De oude rechercheur keek hem aan. Zijn oude ogen stonden scherp, maar zacht. ‘Ik weet het ook niet. Sinds ze is overleden is het alsof ze er gewoon nog is. Niet fysiek, maar in mijn gedachten. In mijn gevoel. Om me heen. Het kan zijn dat ik mezelf voor de gek houd. Wat zeg ik… misschien ben ik wel gek en moet ik me eens laten onderzoeken. Die stem van haar, die ik hoor… voor hetzelfde geld is het mijn intuïtie… of mijn onderbewustzijn dat zich met het onderzoek bezighoudt, en dat zegt: “Die huurauto, die is belangrijk.

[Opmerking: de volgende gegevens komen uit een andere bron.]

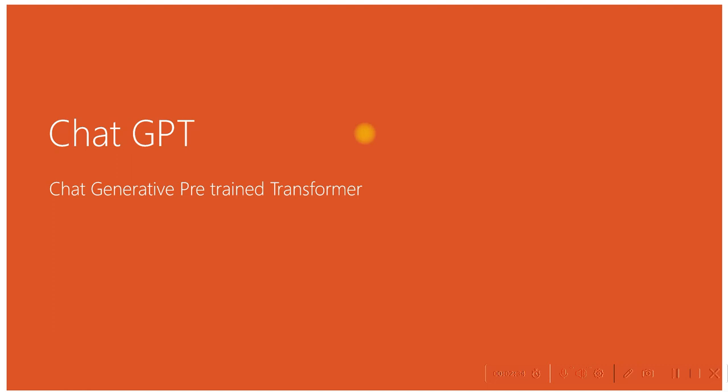Suppose you are already trained in some technologies or languages. When someone asks you about a particular area you're trained in, you will respond to people. Likewise, ChatGPT will tell you what it knows.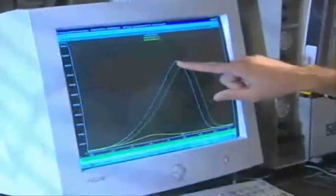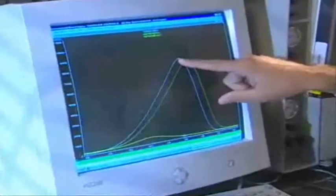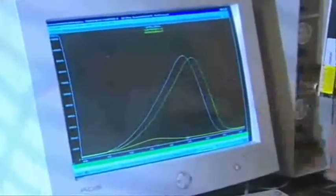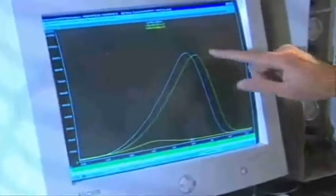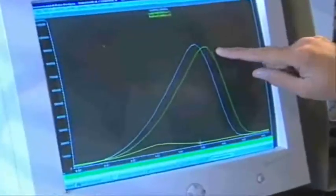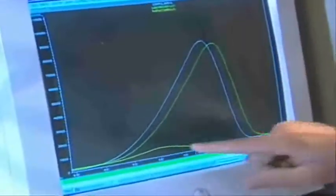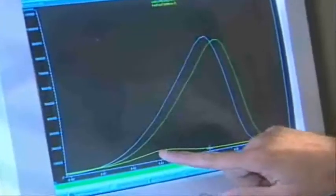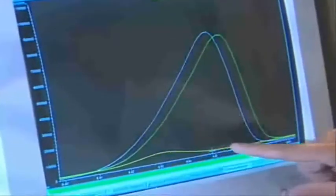This is our control: parathion in the solvent without any treatment. The second sample is parathion after treatment with the commercial absorbent. The third is parathion after treatment with FastAct.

Ga daar achteraan.” Ik weet het ook niet.’
Jacob stond op en keek even op de gang of daar misschien iemand stond die hun gesprek kon horen. Hij sloot de deur en kwam op het bureau van Van Opperdoes zitten.
‘Dus zij heeft tegen je gezegd dat die huurauto belangrijk was?’
Van Opperdoes aarzelde even en haalde zich haar letterlijke woorden voor de geest. ‘Niet met zoveel woorden. Ze vroeg of ik er al iets over wist.’
‘Dan is het goed. Dan moeten we daarmee verder.’
‘Dan is het goed?’ Van Opperdoes keek hem oprecht verwonderd aan.
Jacob glimlachte. ‘Natuurlijk. Of het nou jouw vrouw is, je onderbewustzijn of je intuïtie, ik vertrouw ze alle drie. Praat jij maar lekker door.’
Een glimlach danste licht om de mond van Van Opperdoes, nadat Jacob zich had omgedraaid.
‘Hi hi,’ zei zijn vrouw.
‘Ssst…’ zei Van Opperdoes in zichzelf.
Gezichten wisselden elkaar in hoog tempo af. Allemaal mannen die recht in de camera keken. Sommige boos, de meeste stoïcijns, sommige trokken een gek gezicht.
Van Opperdoes zuchtte. ‘Ik heb weleens zo’n televisieserie gezien, uit Amerika. Cee Cee Aaa of zoiets…’
‘csi.’
Van Opperdoes keek Jacob aan. ‘Cie Es Aai. Ja, dat zou zomaar kunnen. In ieder geval, daar lieten ze een computer dit werk doen. Die vergeleek een gezicht met alle politiefoto’s en plukte er razendsnel de goede verdachte uit. Echt heel snel.’
Jacob klikte naar de volgende foto. ‘Dat is televisie.’
‘Bestaat zoiets niet?’ wilde Van Opperdoes weten.
Klik, deed Jacob. ‘O ja, het zal vast wel bestaan. Maar wij hebben het niet.’
Van Opperdoes wees op de computer. ‘Hoe ver ben je nu?’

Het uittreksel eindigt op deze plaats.